Previous studies report that geometric measures of incisor size and curvature in extant anthropoid primates correspond to dietary differences. However, other methodologies of assessing incisor shape variation, such as dental topographic analysis, have not been considered.
This study measures Relief Index (RFI), linear dimensions, and curvature of central mandibular incisors (I) for a sample of extant anthropoids (n = 107). The utility of these measures in enhancing dietary separations across Anthropoidea is further investigated using traditional and phylogenetic statistics, principal component analysis, and multinomial logistic regression.

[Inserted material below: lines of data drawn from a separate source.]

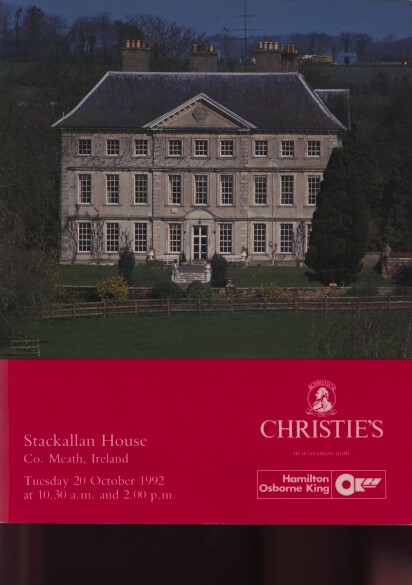 Christies 1992 Stackallan House Co. Meath, Ireland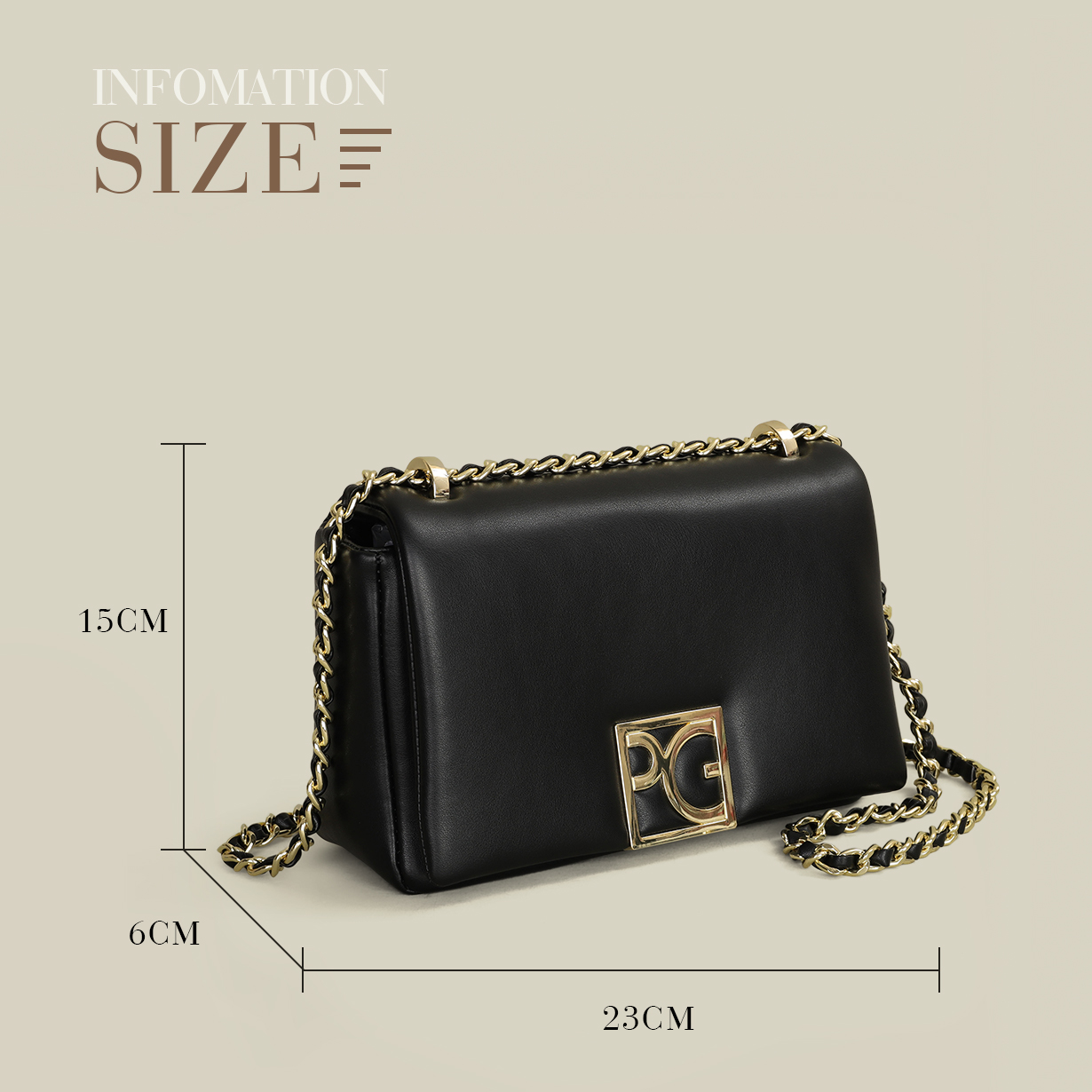 PG 여성용 가방 럭셔리 캐주얼 가방 틈새 브랜드 디자 - Luxury Bags Sale 리뷰 및 가격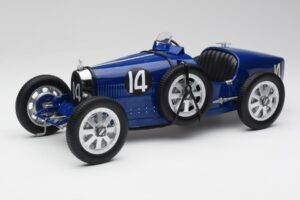 Bugatti Type 35 #14 Dark Blue Norev 1:12 125703 Metāls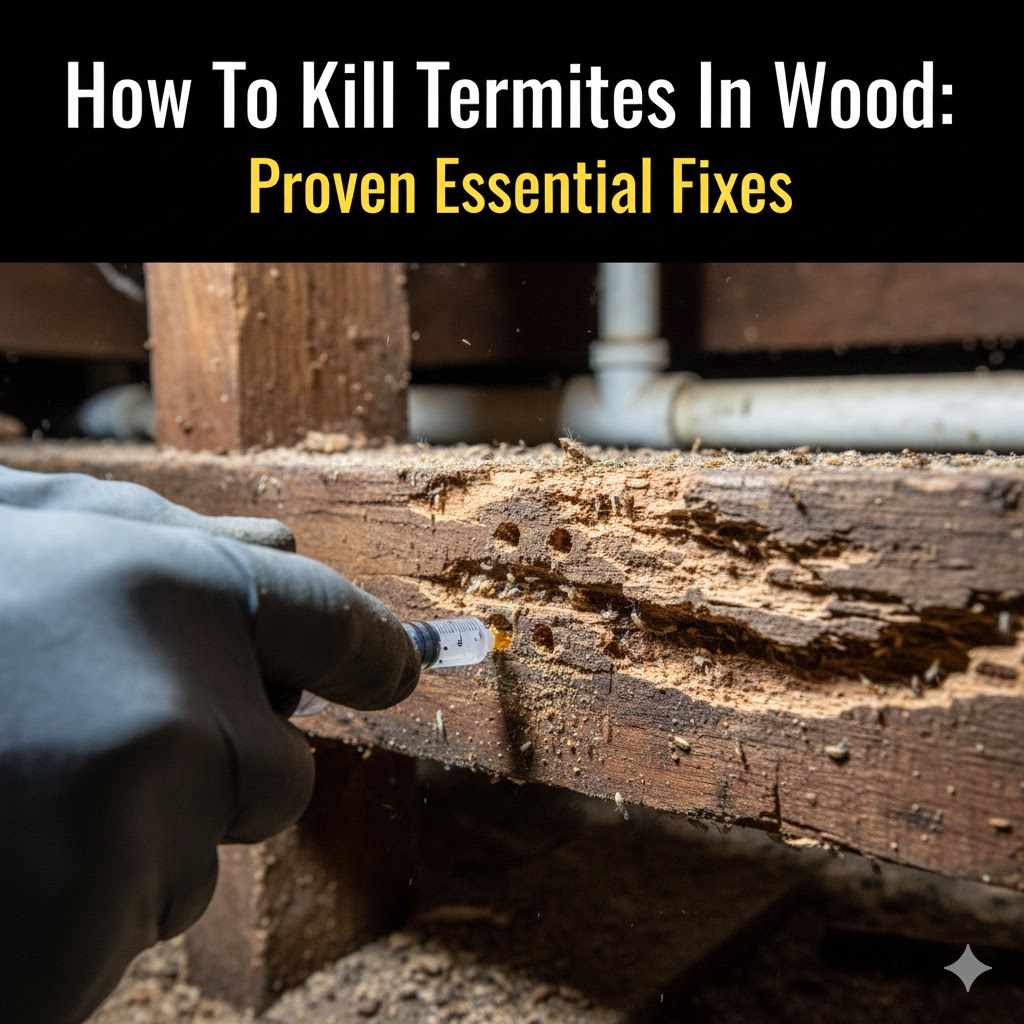 How To Kill Termites In Wood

Two-way ANOVAs find significant dietary differences and no sexual differences in I height, width, breadth, and RFI across crown anthropoids. Phylogenetic ANOVAs also detect significant dietary differences in these measures despite the presence of high and significant phylogenetic signal in height and RFI, indicating that dietary signals are robust. Predictive models combining I geometry and RFI outperform those using solely I geometry. A mixed-feeding ecology is inferred for the fossil platyrrhine Antillothrix.
Our findings indicate that I RFI and linear dimensions are robust dietary proxies in anthropoid primates that may be beneficial to future ecomorphological and paleontological analyses. The presence of phylogenetic signal merits further investigation, and we recommend a nuanced approach if applying I RFI or height as a dietary proxy for fossil primates.